Exercise objective: Restate each line below word for word, skipping every picture.

Dataset excerpt:
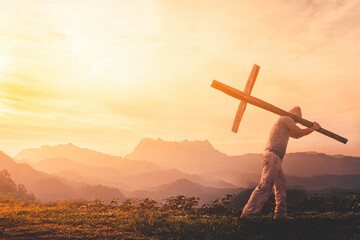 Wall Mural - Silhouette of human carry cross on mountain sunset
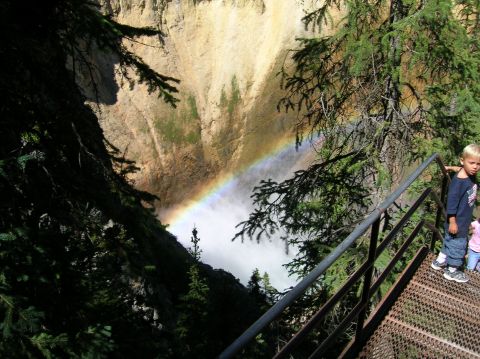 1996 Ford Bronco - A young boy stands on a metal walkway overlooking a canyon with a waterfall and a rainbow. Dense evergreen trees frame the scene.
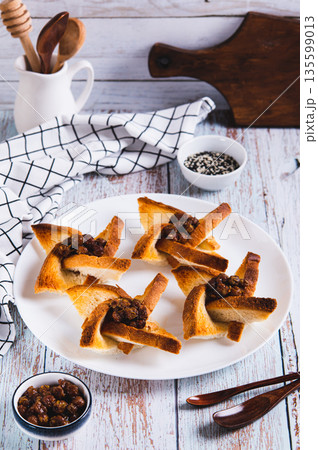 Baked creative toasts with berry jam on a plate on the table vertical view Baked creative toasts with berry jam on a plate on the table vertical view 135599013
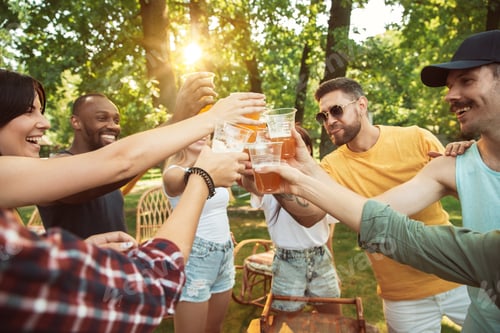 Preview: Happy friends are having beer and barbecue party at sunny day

The completed task:
 Wall Mural - Silhouette of human carry cross on mountain sunset
 1996 Ford Bronco - A young boy stands on a metal walkway overlooking a canyon with a waterfall and a rainbow. Dense evergreen trees frame the scene.
 Baked creative toasts with berry jam on a plate on the table vertical view Baked creative toasts with berry jam on a plate on the table vertical view 135599013
 Preview: Happy friends are having beer and barbecue party at sunny day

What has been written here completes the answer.